O município de Niterói vai ganhar uma escola técnica federal. O anúncio foi feito pelo vereador Waldeck Carneiro (PT) durante sessão plenária realizada nesta terça (16), no plenário da Câmara de Vereadores. O Instituto Federal de Educação, Ciência e Tecnologia (Ifec), antes denominado Cefet, é importante formador de mão-de-obra especializada e fundamental para suprir a demanda do Complexo Petroquímico do Estado do Rio de Janeiro, o Comperj, sendo implantado em Itaboraí. Em abril, atendendo solicitação do vereador Vitor Junior (PT), a Câmara realizou audiência pública para discutir o tema. Os vereadores Paulo Bagueira (PPS), presidente do Legislativo, e Carlos Magaldi (PP), acompanhados do deputado federal Chico D’Angelo (PT), e juntamente com Waldeck, também foram a Brasília tratar da questão com o ministro da Educação, Fernando Hadad, e o então ministro das Relações Institucionais, Luiz Sérgio. “É uma vitória para Niterói o anúncio feito hoje em Brasília pela presidente Dilma.
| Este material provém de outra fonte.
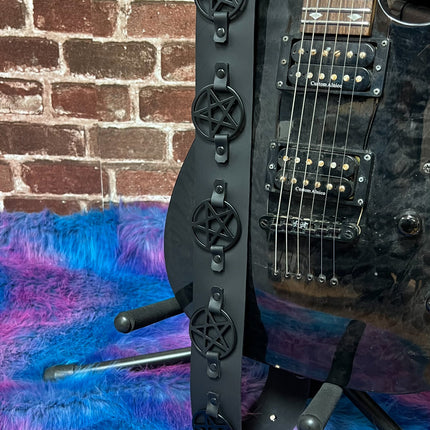 GS305 PENTAGRAM GUITRA STRAP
Não é uma vitória de um vereador, de um partido, de um mandato. É uma vitória da cidade em que a Câmara teve papel preponderante provocando os atores públicos envolvidos”, disse Waldeck Carneiro.
Ainda em agosto a Câmara deve realizar outra audiência pública para discutir o local de implantação da unidade. “Não só o Comperj, mas também o reaquecimento da indústria naval vai demandar uma necessidade de mão-de-obra específica, sob pena de perdemos milhares de vagas de emprego qualificado. Niterói, que já é referência em muitas áreas, também será agora um polo tecnológico”, destacou Paulo Bagueira. O anúncio feito ontem na capital federal, além de Niterói, contemplou cinco outras cidades fluminenses.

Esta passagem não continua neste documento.